[Scraped caption text data]
↓

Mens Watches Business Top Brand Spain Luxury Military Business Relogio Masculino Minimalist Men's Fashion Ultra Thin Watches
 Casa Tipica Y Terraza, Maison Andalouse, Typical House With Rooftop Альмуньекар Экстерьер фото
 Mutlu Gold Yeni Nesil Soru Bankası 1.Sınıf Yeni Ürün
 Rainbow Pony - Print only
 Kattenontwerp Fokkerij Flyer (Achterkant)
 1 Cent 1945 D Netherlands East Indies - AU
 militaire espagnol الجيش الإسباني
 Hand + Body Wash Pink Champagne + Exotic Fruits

↑

Your instructions:
All of the records above should be given again exactly as written.

Answer box:
Mens Watches Business Top Brand Spain Luxury Military Business Relogio Masculino Minimalist Men's Fashion Ultra Thin Watches
 Casa Tipica Y Terraza, Maison Andalouse, Typical House With Rooftop Альмуньекар Экстерьер фото
 Mutlu Gold Yeni Nesil Soru Bankası 1.Sınıf Yeni Ürün
 Rainbow Pony - Print only
 Kattenontwerp Fokkerij Flyer (Achterkant)
 1 Cent 1945 D Netherlands East Indies - AU
 militaire espagnol الجيش الإسباني
 Hand + Body Wash Pink Champagne + Exotic Fruits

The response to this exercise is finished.